Begitu sebuah merek memantapkan dirinya di wilayah baru, maka hal pertama yang dilakukan adalah menyewa gudang baru sehingga bisa lebih dekat ke wilayah itu dan lebih dekat dengan pelanggan akhir mereka.

Lokasi gudang yang tepat juga akan mengurangi tekanan pada gudang induk (gudang besar yang menyimpan sebagian besar produk). 

Ketika ada puncak permintaan atau jika ada penurunan produksi, gudang ini dapat menerima tekanan pengiriman dan mereka dapat menjadi saling bergantung untuk memastikan pengiriman barang ke konsumen.
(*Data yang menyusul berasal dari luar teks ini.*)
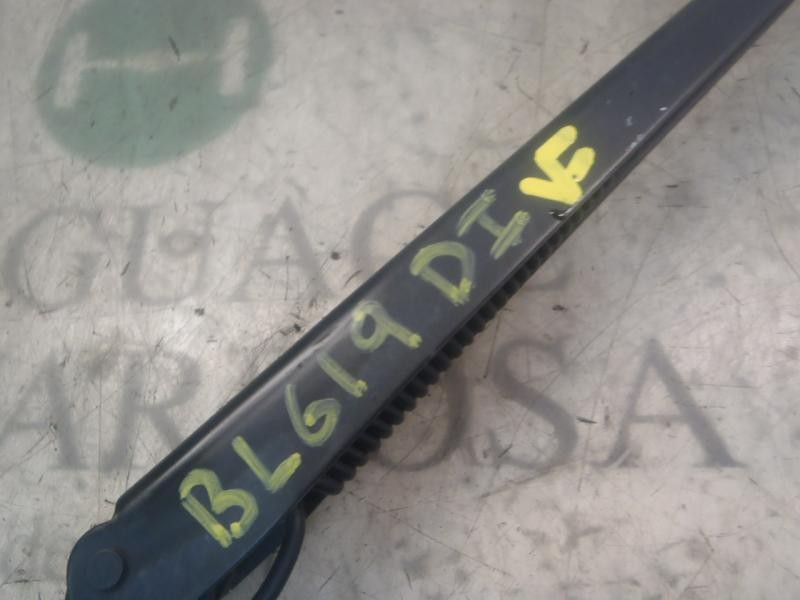 Recambio de brazo limpia delantero izquierdo para peugeot 308 confort referencia OEM IAM 6429EL  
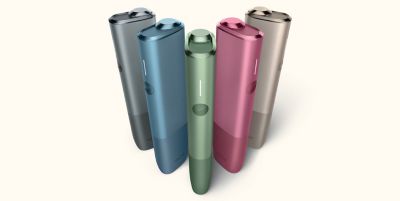 IQOS ILUMA devices in different colours.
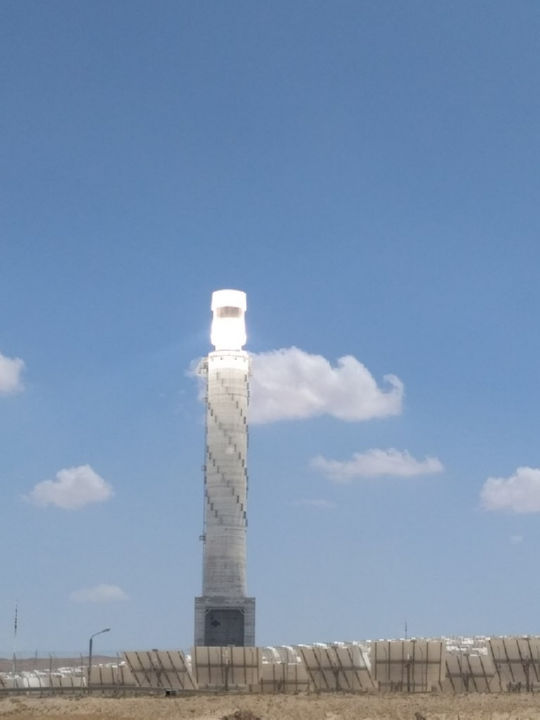 מגדל ברייטסורס לייצור אנרגיה מהשמש באשלים שבנגב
4. Pengendalian Persediaan

Jika sebuah perusahaan memiliki 100 unit produk dalam persediaan, tetapi permintaannya hanya 10 unit, maka perusahaan tersebut telah menginvestasikan 90 unit dengan sia-sia. Ini adalah uang yang dapat digunakan sebagai modal kerja dan ini adalah uang yang dikenakan bunga oleh bank.

Di sisi yang lain, perusahaan kompetitor memiliki permintaan 500 unit, tetapi mereka hanya memproduksi 200 unit dengan pemikiran bahwa permintaan akan berkurang. Sekarang mereka telah kehilangan pesanan yang merupakan biaya peluang. 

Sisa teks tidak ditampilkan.